Defendant petitioned for review on two grounds: (1) that the Court of Appeals did not give proper deference to the trial court’s findings of historical fact or to the inferences flowing therefrom; and (2) that the Court of Appeals’ majority misapplied this court’s decision in State v. Lowry, supra.

[241]*241PROBABLE CAUSE

Appellate courts are bound by the trial court’s findings of historical fact, but not by the trial court’s legal conclusions. Krummacher v. Gierloff, 290 Or 867, 869, 627 P2d 458 (1981); Ball v. Gladden, 250 Or 485, 443 P2d 621 (1968). The determination of probable cause is a legal, not a factual, conclusion. Probable cause does not require certainty.
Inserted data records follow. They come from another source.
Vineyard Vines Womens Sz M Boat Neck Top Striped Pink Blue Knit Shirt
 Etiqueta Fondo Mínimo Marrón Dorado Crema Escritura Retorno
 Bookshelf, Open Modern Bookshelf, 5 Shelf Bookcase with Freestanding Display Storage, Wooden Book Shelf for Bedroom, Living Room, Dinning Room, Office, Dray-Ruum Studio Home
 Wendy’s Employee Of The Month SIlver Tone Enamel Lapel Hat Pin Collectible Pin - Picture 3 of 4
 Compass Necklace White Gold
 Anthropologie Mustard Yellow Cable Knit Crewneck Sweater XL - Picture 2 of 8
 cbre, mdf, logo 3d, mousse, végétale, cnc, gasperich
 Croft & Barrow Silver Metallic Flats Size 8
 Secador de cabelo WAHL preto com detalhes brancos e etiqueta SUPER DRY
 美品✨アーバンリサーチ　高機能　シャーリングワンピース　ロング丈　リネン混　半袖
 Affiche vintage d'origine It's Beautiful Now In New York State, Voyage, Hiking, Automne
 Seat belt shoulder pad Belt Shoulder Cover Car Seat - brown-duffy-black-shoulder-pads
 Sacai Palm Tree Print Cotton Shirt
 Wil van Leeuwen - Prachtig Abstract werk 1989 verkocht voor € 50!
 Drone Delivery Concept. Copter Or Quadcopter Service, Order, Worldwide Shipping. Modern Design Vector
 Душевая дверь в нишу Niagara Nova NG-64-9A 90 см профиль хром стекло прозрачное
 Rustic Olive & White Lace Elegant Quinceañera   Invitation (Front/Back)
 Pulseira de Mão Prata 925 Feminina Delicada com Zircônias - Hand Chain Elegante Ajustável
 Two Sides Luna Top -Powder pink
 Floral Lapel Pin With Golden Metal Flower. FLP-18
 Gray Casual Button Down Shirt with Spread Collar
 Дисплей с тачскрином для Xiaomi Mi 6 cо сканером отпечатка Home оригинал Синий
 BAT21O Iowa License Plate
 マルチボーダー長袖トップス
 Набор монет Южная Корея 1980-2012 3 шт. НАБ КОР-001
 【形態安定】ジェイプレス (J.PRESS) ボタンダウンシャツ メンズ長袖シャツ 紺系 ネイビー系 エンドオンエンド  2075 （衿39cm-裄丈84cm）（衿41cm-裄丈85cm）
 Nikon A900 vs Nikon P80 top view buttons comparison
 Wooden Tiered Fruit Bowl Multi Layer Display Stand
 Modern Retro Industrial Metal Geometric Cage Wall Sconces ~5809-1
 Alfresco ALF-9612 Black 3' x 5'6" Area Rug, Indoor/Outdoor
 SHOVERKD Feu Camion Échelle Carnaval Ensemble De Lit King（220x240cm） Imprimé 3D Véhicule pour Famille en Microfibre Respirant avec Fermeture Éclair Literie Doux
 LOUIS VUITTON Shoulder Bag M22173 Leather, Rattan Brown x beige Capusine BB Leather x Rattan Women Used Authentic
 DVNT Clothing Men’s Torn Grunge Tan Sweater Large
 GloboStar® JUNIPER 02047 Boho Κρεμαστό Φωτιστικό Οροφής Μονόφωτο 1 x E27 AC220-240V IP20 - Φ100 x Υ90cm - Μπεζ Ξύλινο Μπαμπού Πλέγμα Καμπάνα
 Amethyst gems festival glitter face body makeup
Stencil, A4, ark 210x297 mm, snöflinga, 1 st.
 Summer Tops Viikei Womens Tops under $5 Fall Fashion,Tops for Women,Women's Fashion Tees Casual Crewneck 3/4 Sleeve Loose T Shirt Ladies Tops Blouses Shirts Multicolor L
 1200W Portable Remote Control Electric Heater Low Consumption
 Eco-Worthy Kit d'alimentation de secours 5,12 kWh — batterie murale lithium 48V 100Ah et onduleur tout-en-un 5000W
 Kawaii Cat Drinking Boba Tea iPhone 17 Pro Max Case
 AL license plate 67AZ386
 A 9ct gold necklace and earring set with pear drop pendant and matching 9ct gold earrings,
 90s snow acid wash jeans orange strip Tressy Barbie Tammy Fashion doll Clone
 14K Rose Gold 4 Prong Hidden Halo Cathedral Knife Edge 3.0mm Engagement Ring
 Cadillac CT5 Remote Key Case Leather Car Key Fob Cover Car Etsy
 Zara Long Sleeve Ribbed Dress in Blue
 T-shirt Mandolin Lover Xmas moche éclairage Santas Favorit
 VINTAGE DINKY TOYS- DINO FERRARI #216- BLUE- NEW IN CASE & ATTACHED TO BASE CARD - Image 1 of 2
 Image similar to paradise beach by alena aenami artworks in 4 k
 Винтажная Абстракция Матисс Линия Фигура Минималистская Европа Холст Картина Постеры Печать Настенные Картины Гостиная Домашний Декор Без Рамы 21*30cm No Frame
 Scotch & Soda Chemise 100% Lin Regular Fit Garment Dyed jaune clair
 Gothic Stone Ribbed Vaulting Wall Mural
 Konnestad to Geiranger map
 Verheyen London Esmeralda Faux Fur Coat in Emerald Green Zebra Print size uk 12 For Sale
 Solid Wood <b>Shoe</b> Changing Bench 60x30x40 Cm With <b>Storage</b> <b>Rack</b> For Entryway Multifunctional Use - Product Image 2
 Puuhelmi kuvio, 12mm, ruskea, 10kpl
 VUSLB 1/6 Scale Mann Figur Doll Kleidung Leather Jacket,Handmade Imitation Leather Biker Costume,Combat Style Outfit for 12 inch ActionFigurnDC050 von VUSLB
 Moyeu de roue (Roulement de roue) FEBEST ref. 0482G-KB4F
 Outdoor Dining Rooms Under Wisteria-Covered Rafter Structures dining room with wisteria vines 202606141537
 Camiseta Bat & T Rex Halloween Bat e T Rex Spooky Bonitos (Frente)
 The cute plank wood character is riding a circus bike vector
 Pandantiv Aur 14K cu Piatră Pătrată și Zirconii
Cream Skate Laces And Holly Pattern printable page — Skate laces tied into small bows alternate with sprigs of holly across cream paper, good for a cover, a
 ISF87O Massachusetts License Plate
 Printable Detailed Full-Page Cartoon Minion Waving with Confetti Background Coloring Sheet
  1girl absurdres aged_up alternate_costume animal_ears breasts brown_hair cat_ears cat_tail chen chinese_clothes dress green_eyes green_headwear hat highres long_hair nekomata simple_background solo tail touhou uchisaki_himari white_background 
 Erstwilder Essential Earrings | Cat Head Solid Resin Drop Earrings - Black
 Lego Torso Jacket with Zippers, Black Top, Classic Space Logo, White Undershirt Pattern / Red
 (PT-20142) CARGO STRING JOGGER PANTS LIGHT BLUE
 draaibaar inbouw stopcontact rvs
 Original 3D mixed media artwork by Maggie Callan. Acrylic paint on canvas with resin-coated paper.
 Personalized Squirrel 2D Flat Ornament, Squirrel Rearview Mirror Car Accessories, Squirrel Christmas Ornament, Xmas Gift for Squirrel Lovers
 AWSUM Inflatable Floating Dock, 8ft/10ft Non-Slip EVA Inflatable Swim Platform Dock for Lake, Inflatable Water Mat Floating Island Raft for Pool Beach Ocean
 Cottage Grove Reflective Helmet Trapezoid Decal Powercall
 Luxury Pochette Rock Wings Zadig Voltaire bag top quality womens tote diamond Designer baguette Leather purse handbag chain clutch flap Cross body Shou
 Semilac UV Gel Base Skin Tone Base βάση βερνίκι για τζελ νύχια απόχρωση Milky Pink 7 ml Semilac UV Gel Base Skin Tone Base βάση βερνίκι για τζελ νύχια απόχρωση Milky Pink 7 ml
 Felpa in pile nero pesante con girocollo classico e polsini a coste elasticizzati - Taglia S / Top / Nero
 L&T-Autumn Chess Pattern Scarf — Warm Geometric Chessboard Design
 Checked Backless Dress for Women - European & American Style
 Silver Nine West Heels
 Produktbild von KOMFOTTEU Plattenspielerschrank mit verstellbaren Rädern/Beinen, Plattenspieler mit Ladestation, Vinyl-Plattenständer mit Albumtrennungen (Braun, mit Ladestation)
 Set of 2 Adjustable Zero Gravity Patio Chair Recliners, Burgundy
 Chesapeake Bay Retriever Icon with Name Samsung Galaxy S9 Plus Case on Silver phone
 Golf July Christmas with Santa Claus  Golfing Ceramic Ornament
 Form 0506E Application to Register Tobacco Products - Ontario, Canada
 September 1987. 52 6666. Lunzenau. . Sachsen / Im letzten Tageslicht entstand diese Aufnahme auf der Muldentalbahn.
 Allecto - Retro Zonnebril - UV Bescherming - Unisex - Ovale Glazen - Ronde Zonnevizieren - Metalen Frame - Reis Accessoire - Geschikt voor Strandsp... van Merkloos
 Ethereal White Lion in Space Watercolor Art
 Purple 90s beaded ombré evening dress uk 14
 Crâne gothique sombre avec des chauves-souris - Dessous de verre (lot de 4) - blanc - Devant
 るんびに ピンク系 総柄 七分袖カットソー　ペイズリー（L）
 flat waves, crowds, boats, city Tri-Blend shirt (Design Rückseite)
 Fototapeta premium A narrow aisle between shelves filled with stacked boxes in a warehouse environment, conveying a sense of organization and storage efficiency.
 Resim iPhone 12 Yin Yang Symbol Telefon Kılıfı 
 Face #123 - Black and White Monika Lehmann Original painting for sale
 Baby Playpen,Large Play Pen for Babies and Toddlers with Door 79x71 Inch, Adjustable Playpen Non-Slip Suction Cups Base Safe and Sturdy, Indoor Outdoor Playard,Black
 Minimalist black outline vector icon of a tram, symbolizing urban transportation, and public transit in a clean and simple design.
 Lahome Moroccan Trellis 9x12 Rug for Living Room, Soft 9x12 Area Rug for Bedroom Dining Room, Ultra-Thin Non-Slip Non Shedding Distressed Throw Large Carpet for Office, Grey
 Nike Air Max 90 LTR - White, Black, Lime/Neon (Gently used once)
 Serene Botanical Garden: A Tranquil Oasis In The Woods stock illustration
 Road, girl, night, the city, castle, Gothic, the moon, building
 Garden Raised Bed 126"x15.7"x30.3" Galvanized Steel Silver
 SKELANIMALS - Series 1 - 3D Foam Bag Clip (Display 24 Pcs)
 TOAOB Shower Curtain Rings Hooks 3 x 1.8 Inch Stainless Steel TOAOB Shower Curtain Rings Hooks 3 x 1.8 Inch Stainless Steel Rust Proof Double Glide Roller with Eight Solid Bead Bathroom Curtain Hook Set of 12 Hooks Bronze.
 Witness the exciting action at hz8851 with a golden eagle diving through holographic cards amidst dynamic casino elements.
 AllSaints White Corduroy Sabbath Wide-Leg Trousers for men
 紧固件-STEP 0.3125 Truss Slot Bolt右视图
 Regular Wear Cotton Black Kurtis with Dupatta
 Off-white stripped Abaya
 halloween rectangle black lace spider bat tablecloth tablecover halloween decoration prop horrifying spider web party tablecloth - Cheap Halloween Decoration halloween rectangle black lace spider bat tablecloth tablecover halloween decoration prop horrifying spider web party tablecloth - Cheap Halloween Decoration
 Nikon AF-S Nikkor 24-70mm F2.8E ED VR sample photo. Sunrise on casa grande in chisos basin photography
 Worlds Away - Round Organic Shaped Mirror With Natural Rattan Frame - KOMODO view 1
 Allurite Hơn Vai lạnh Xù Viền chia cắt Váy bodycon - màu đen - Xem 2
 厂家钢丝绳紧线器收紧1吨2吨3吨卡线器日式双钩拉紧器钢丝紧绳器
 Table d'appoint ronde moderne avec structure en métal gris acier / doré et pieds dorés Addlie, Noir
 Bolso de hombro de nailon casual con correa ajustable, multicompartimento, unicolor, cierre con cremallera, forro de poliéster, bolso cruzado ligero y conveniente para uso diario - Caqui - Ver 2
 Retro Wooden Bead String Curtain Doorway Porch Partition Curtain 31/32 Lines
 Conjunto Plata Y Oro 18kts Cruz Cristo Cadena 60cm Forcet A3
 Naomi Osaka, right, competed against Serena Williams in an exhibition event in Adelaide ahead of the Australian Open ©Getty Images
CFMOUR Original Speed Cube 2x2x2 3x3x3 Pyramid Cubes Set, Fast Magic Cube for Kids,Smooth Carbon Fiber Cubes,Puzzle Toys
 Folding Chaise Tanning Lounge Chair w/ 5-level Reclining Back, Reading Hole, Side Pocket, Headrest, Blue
The trial court made the following findings of fact:

“1. The officer had the normal training received by police officers for the detection of and identification of controlled substances.
“2. The paper fold was distinguishable from ordinary paper only by its folded shape, not by the kind of quality of paper that it was.
“3. The paper was opaque.
“4. The defendant was neither a known user or trafficker in the illicit business of controlled substances.
“5. Defendant was being arrested on a nonrelated, i.e. not related to the drug charge, traffic matter.
“6. The defendant removed the paper fold from his bib overalls front pocket in the presence of the officer and in a manner that seemed to be furtive to the officer.
“7. The officer was suspicious that the paper fold contained cocaine.”

The trial court concluded:

«* * * jn this case, before me, there is no bottle through which the contents can be seen, nor is there any suspicion of the presence of a controlled substance.
“It was possible that the paper fold might contain cocaine. The officer had seen it before in a paper fold and had been taught to suspect that cocaine was transported in that manner. A possibility is not enough. * * * The paper fold could have just as possibly held small, unsnelled fishhooks, pieces of a calculator which had been disassembled and were being taken to a repairman, a broken necklace or a chain that girls wear that was being taken to the jeweler, or a number of other things, such as radish seeds.
“In State v. Alpert, [52 Or App 815, 629 P2d 878 (1981)], cocaine in a bank envelope was suppressed as well as cocaine in a ladies compact. It seems to me that if the container is not [242]*242transparent/translucent, or of such an odd nature (balloon with contents in shirt pocket), or a pliable container which lends itself to palpable discernment, there will have to be more circumstances present than those here to support probable cause to seize.”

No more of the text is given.